A Novel Hand Gesture Detection and Recognition system based on ensemble-based Convolutional Neural Network
Abir Sen, Tapas Kumar Mishra, Ratnakar Dash

TL;DR
This paper introduces an ensemble-based CNN system for hand gesture recognition that improves accuracy by combining multiple models, addressing issues like overfitting and prediction errors, validated on multiple datasets.
Contribution
The paper proposes a novel ensemble CNN approach for hand gesture detection that enhances prediction accuracy and robustness over existing methods.
Findings
Ensemble CNN outperforms individual models in gesture recognition accuracy.
The system effectively segments hand regions using background subtraction.
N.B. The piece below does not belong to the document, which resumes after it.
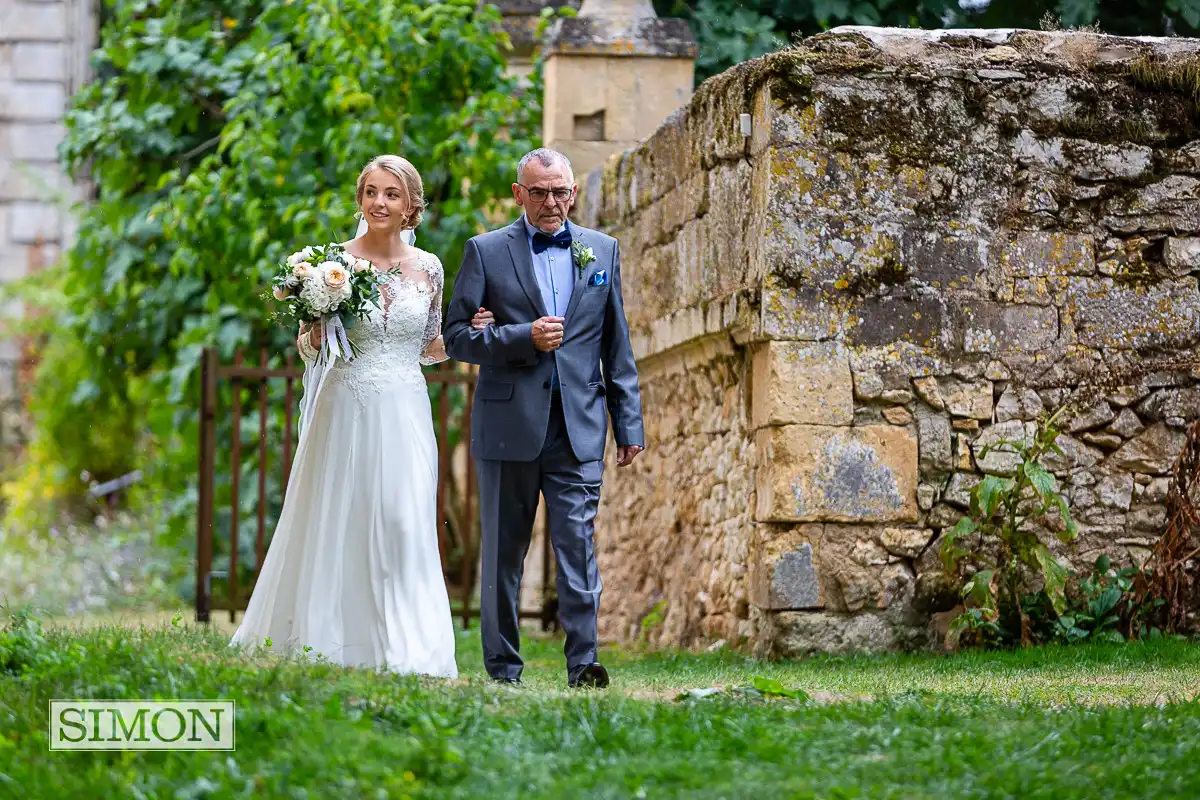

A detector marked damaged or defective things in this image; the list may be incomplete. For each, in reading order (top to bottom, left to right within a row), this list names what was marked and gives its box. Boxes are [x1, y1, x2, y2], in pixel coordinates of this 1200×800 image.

rusty metal gate [194, 347, 554, 633]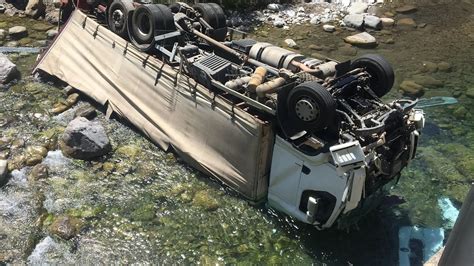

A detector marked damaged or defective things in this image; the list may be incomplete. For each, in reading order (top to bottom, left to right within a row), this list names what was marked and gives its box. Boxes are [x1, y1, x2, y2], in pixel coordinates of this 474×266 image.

overturned truck [35, 2, 424, 230]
Validation on multiple datasets confirms improved performance.
Abstract
Nowadays, hand gesture recognition has become an alternative for human-machine interaction. It has covered a large area of applications like 3D game technology, sign language interpreting, VR (virtual reality) environment, and robotics. But detection of the hand portion has become a challenging task in computer vision and pattern recognition communities. Deep learning algorithm like convolutional neural network (CNN) architecture has become a very popular choice for classification tasks, but CNN architectures suffer from some problems like high variance during prediction, overfitting problem and also prediction errors. To overcome these problems, an ensemble of CNN-based approaches is presented in this paper. Firstly, the gesture portion is detected by using the background separation method based on binary thresholding. After that, the contour portion is extracted, and the hand region…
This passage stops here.